ROMar 3, 2023
Hindsight States: Blending Sim and Real Task Elements for Efficient Reinforcement LearningSimon Guist, Jan Schneider, Alexander Dittrich et al.
Reinforcement learning has shown great potential in solving complex tasks when large amounts of data can be generated with little effort. In robotics, one approach to generate training data builds on simulations based on dynamics models derived from first principles. However, for tasks that, for instance, involve complex soft robots, devising such models is substantially more challenging. Being able to train effectively in increasingly complicated scenarios with reinforcement learning enables to take advantage of complex systems such as soft robots.

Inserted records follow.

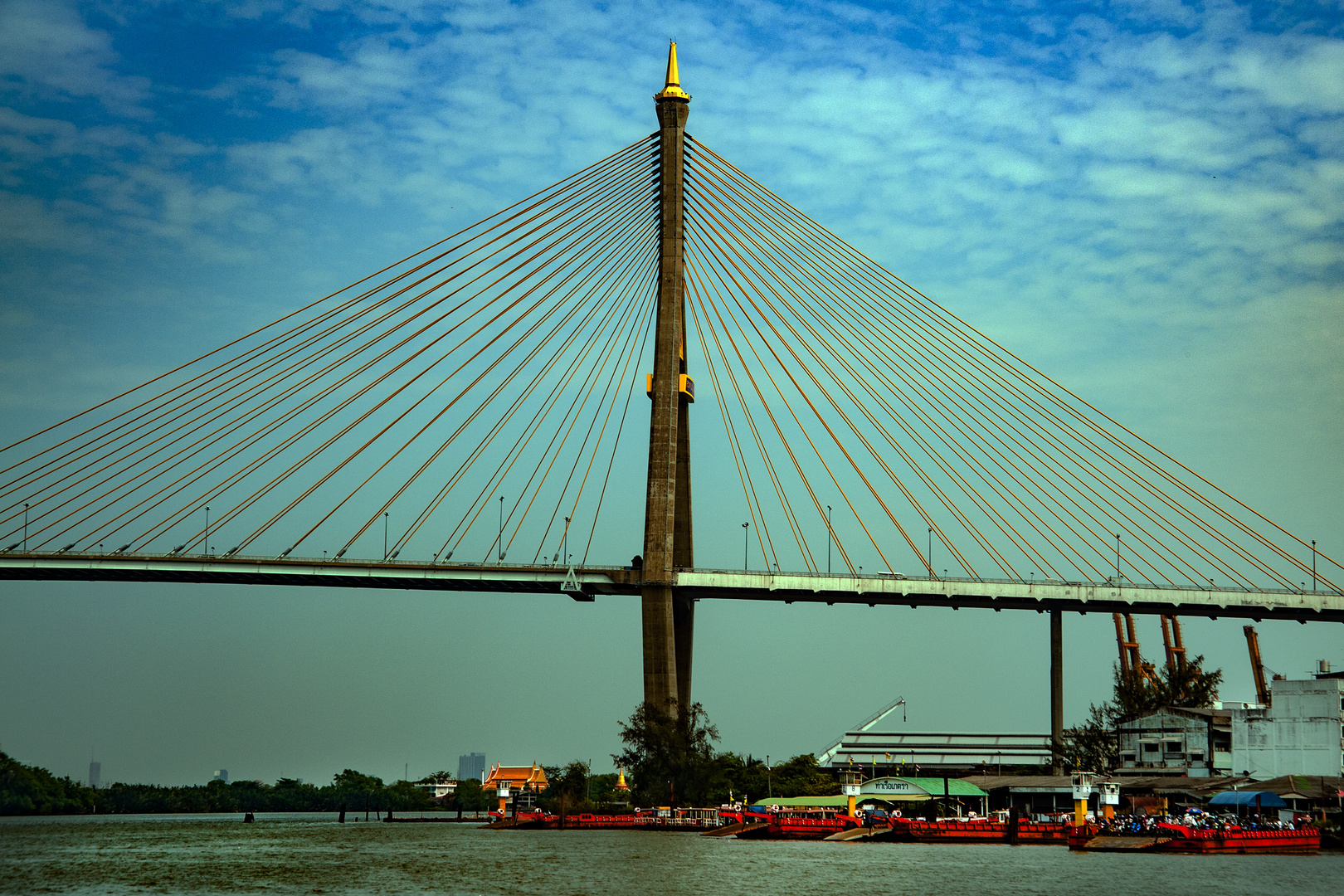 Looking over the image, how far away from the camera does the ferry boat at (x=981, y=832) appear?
204ft

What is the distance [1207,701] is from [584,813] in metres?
54.6

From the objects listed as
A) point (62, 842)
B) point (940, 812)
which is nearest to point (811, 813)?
point (940, 812)

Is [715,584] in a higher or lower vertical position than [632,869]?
higher

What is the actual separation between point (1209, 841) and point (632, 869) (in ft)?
78.2

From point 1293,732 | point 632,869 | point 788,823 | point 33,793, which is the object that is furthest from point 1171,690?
point 33,793

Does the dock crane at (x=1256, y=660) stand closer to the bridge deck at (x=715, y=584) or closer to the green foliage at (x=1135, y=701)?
the green foliage at (x=1135, y=701)

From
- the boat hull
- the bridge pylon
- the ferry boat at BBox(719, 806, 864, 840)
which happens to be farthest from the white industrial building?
the bridge pylon

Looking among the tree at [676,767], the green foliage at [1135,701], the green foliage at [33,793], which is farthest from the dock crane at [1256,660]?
the green foliage at [33,793]

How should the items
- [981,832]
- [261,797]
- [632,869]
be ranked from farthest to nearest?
[261,797], [981,832], [632,869]

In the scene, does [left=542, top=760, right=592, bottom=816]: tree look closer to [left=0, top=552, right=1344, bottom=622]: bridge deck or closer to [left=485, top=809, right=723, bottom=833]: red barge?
[left=485, top=809, right=723, bottom=833]: red barge

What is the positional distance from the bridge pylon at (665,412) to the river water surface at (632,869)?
9033mm

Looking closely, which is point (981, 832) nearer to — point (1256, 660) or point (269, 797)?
point (1256, 660)

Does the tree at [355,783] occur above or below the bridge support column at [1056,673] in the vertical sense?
below

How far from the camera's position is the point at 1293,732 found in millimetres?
75312
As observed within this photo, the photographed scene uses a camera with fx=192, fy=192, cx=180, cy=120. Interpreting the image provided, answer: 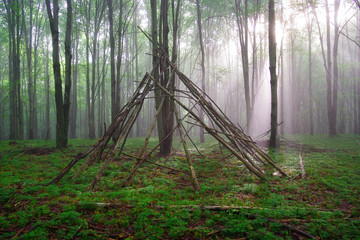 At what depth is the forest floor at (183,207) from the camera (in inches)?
83.6

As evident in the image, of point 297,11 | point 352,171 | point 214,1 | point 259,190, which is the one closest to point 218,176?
point 259,190

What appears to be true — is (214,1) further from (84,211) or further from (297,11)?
(84,211)

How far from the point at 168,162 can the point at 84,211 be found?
10.2 ft

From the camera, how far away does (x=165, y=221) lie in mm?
2307

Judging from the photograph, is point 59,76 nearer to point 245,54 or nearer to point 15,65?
point 15,65

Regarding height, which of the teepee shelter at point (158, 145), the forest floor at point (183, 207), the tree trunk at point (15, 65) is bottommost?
the forest floor at point (183, 207)

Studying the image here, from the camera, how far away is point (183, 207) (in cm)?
262

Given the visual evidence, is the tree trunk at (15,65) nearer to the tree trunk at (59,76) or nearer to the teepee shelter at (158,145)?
the tree trunk at (59,76)

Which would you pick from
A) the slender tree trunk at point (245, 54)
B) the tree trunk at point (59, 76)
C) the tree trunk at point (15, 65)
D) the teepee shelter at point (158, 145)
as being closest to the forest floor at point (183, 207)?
the teepee shelter at point (158, 145)

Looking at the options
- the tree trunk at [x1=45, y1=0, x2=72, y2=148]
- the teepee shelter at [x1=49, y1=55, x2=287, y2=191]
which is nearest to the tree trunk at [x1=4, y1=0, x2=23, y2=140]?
the tree trunk at [x1=45, y1=0, x2=72, y2=148]

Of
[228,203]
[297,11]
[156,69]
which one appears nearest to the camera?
[228,203]

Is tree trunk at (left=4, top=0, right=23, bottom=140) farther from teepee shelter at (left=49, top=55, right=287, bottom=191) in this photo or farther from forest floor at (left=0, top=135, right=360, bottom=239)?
teepee shelter at (left=49, top=55, right=287, bottom=191)

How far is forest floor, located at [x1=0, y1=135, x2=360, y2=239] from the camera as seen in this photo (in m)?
2.12

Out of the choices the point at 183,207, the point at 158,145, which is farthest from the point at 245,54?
the point at 183,207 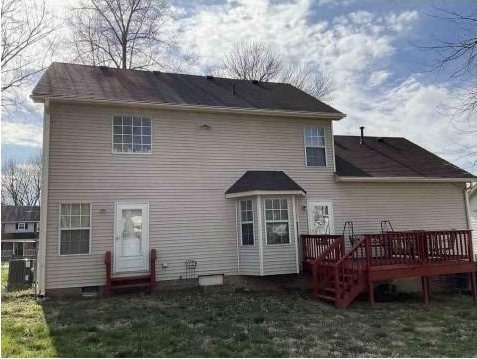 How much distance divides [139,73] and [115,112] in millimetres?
2907

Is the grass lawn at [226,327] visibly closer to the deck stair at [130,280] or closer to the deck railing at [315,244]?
the deck stair at [130,280]

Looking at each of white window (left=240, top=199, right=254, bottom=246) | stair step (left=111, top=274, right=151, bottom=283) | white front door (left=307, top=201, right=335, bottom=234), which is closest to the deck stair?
stair step (left=111, top=274, right=151, bottom=283)

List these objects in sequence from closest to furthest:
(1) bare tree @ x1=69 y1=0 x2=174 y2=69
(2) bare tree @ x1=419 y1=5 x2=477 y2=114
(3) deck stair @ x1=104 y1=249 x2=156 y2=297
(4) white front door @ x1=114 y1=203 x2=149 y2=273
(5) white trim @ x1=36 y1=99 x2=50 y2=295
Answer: (2) bare tree @ x1=419 y1=5 x2=477 y2=114 → (5) white trim @ x1=36 y1=99 x2=50 y2=295 → (3) deck stair @ x1=104 y1=249 x2=156 y2=297 → (4) white front door @ x1=114 y1=203 x2=149 y2=273 → (1) bare tree @ x1=69 y1=0 x2=174 y2=69

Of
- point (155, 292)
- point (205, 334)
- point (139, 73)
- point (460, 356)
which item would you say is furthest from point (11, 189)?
point (460, 356)

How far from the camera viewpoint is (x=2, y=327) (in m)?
7.08

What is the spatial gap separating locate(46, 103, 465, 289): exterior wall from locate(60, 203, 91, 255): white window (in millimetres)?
142

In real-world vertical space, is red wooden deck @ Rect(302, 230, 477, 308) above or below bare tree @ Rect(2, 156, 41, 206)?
below

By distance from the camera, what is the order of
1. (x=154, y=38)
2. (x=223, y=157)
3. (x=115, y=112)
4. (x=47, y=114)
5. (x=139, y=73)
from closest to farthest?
(x=47, y=114) → (x=115, y=112) → (x=223, y=157) → (x=139, y=73) → (x=154, y=38)

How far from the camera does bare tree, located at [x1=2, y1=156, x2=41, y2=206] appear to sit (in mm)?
43156

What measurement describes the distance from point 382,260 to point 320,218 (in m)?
2.46

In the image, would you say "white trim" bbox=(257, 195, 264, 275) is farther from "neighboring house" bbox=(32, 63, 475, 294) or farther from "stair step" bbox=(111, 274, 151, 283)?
"stair step" bbox=(111, 274, 151, 283)

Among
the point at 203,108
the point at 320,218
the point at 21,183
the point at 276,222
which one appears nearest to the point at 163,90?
the point at 203,108

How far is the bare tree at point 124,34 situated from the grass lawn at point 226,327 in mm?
14179

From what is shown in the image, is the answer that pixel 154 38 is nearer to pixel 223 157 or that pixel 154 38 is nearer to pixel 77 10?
pixel 77 10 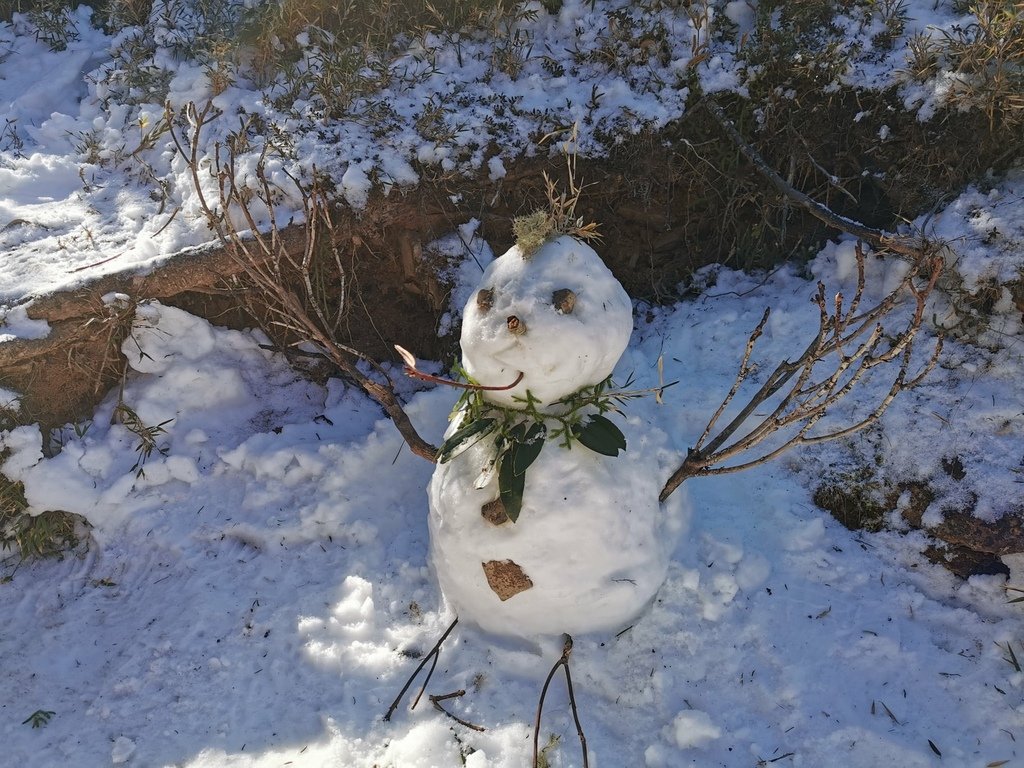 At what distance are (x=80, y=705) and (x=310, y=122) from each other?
7.24 feet

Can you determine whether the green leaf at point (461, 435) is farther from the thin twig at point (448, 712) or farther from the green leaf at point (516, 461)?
the thin twig at point (448, 712)

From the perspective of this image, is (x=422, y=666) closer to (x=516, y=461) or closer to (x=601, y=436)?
(x=516, y=461)

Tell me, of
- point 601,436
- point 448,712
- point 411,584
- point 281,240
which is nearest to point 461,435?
point 601,436

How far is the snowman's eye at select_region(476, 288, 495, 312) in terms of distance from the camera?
71.1 inches

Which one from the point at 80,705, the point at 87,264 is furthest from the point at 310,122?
the point at 80,705

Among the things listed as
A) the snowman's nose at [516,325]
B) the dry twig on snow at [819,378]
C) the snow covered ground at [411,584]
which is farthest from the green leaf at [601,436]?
the snow covered ground at [411,584]

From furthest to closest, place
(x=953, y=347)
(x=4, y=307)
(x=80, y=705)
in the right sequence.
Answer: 1. (x=4, y=307)
2. (x=953, y=347)
3. (x=80, y=705)

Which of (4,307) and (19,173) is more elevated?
(19,173)

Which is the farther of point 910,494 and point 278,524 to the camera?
point 278,524

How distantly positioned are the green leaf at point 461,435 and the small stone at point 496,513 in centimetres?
18

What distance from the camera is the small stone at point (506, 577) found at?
1.98 meters

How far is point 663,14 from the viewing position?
296 centimetres

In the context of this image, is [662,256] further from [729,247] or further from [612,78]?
[612,78]

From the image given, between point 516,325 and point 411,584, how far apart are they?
3.41ft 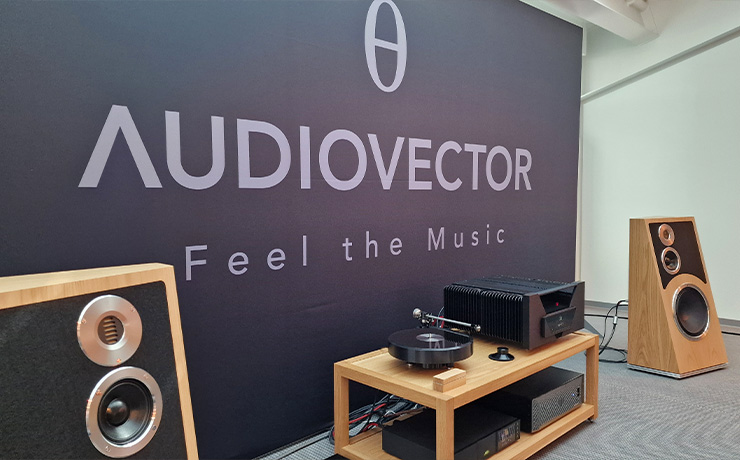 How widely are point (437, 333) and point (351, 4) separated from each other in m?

Here, we leverage the imbalance in complexity of the dynamics to learn more sample-efficiently. We (i) abstract the task into distinct components, (ii) off-load the simple dynamics parts into the simulation, and (iii) multiply these virtual parts to generate more data in hindsight. Our new method, Hindsight States (HiS), uses this data and selects the most useful transitions for training. It can be used with an arbitrary off-policy algorithm. We validate our method on several challenging simulated tasks and demonstrate that it improves learning both alone and when combined with an existing hindsight algorithm, Hindsight Experience Replay (HER). Finally, we evaluate HiS on a physical system and show that it boosts performance on a complex table tennis task with a muscular robot. Videos and code of the experiments can be found on webdav.tuebingen.mpg.de/his/.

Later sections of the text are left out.